[[ DATA SHOWN, beginning ]]

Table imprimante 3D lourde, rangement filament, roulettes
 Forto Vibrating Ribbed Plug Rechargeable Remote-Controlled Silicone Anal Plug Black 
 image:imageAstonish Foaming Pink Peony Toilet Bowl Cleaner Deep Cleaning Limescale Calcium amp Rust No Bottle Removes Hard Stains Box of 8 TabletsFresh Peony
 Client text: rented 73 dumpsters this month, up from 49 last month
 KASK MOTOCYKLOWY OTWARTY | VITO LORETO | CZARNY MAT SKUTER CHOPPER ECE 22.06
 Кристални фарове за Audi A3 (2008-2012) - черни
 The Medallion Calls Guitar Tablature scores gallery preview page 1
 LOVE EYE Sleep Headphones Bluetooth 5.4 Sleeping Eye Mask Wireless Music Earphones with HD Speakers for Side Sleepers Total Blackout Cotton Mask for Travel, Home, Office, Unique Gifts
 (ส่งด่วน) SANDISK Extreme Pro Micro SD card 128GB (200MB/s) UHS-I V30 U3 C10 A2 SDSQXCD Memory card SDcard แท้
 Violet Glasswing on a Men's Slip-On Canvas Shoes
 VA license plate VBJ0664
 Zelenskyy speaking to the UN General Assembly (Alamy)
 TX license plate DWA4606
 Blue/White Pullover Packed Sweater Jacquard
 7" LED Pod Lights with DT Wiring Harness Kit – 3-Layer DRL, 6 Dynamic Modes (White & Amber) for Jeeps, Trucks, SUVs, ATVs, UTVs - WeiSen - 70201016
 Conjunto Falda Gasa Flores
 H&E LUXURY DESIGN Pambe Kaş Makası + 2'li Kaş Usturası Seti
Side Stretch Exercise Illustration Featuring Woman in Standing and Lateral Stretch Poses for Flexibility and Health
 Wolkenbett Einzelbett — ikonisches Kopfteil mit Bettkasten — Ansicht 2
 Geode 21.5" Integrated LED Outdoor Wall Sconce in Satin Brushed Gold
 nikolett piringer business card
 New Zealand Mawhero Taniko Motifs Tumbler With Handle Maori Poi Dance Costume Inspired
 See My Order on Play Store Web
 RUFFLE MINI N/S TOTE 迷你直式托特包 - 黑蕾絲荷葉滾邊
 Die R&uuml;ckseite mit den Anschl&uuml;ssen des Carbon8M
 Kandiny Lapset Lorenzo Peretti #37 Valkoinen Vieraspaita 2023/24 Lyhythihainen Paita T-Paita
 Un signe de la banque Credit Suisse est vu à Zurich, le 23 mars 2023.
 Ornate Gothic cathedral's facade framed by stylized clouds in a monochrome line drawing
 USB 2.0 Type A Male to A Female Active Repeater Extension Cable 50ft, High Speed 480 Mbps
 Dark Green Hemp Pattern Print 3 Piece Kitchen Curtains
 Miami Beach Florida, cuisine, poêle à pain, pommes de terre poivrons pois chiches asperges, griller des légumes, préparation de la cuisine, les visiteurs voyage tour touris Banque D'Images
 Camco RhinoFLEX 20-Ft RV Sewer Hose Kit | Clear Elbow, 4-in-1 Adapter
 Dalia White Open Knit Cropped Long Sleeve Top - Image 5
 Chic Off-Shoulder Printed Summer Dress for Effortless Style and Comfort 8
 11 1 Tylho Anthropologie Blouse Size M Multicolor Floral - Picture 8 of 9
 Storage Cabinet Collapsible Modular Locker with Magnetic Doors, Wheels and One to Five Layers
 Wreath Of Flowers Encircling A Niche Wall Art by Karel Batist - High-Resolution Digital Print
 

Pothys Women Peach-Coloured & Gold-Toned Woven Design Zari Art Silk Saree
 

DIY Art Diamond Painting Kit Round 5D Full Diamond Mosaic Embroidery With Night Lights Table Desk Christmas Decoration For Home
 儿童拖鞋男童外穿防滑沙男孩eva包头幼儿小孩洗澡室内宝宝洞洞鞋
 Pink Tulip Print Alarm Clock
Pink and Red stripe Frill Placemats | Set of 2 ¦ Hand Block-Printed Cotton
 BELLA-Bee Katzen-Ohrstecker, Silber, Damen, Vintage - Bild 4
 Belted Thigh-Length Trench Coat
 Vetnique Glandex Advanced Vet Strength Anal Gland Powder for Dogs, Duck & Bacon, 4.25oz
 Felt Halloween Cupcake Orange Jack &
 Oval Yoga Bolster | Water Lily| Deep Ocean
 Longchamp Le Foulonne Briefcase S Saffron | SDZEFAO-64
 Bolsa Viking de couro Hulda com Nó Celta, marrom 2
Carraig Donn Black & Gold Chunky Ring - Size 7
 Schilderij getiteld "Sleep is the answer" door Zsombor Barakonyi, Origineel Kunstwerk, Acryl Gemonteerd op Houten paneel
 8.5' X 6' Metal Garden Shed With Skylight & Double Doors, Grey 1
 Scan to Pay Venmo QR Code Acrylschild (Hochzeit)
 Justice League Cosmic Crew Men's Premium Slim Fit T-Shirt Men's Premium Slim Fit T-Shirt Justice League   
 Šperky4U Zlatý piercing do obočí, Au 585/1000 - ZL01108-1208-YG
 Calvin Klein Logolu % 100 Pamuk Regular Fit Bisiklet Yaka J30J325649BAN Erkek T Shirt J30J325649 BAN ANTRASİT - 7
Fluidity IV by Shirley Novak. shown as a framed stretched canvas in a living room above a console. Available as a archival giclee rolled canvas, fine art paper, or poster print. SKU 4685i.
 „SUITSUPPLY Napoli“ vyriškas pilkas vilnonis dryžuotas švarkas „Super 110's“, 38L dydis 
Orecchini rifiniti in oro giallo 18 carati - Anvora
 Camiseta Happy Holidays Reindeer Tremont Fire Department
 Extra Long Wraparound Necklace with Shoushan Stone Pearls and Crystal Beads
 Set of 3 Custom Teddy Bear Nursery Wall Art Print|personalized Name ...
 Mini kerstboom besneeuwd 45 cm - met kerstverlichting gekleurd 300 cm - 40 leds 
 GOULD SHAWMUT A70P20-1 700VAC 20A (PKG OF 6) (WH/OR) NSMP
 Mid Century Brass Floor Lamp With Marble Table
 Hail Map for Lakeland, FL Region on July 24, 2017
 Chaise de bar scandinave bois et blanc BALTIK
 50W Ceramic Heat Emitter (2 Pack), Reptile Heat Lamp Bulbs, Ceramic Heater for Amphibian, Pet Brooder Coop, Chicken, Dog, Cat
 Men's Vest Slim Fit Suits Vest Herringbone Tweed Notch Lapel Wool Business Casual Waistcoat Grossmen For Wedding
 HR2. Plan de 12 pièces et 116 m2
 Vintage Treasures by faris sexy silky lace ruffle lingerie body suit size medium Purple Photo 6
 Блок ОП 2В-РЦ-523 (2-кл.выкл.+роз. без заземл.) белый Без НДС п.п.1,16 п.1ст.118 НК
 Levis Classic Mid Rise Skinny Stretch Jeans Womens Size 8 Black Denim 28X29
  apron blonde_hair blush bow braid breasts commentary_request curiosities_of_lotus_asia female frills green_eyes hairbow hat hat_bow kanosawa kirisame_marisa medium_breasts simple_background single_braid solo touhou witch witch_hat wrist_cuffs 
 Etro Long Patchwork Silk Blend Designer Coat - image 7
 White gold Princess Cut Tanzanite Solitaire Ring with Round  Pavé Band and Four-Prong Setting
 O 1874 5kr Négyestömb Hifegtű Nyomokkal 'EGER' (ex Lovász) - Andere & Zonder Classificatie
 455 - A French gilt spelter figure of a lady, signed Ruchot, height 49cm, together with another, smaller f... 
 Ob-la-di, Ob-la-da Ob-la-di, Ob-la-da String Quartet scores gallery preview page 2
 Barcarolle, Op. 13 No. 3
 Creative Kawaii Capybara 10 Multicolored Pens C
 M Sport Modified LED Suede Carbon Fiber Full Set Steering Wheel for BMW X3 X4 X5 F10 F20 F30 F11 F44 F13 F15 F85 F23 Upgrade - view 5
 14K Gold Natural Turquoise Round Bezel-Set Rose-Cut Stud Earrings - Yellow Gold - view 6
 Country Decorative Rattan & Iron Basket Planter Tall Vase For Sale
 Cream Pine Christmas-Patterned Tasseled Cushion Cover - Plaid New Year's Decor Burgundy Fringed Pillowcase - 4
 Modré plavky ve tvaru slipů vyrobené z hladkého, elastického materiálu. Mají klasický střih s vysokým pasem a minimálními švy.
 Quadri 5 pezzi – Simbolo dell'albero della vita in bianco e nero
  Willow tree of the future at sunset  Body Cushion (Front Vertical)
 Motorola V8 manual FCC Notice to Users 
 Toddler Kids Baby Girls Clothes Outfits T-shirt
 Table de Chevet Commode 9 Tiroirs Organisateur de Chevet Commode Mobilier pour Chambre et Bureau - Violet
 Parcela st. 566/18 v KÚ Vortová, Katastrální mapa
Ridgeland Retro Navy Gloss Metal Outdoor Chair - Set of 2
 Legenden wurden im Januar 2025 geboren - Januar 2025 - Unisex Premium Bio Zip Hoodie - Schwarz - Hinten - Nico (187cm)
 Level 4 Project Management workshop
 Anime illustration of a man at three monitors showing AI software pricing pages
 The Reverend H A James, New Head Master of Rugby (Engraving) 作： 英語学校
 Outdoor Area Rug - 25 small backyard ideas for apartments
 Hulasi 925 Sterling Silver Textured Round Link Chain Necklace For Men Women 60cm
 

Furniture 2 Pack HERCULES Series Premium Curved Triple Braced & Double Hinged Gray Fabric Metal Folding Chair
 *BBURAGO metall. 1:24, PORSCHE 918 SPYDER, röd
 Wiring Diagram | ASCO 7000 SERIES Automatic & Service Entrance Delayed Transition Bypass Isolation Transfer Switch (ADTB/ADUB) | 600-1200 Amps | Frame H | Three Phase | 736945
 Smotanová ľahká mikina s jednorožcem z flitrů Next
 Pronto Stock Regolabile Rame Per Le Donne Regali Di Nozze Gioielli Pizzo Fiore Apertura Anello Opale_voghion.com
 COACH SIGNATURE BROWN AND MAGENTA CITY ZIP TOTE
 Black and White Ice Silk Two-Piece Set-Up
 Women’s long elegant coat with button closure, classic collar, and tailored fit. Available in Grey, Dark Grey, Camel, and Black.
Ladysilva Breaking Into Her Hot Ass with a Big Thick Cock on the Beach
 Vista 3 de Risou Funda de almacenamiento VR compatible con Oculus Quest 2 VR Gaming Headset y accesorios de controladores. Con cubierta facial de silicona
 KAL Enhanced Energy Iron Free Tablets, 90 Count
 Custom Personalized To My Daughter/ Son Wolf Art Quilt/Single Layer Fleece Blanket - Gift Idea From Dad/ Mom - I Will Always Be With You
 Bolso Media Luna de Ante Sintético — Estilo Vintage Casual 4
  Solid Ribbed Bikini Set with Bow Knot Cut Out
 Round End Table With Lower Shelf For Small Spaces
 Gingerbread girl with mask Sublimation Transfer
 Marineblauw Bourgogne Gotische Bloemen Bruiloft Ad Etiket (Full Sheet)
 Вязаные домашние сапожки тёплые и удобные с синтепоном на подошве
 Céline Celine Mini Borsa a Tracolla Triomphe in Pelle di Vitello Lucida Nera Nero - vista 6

[[ DATA SHOWN, end ]]

EXERCISE DETAILS: Find the lines in the data that include "Outdoor", then copy each of them.

EXERCISE RESPONSE:
 Geode 21.5" Integrated LED Outdoor Wall Sconce in Satin Brushed Gold
Ridgeland Retro Navy Gloss Metal Outdoor Chair - Set of 2
 Outdoor Area Rug - 25 small backyard ideas for apartments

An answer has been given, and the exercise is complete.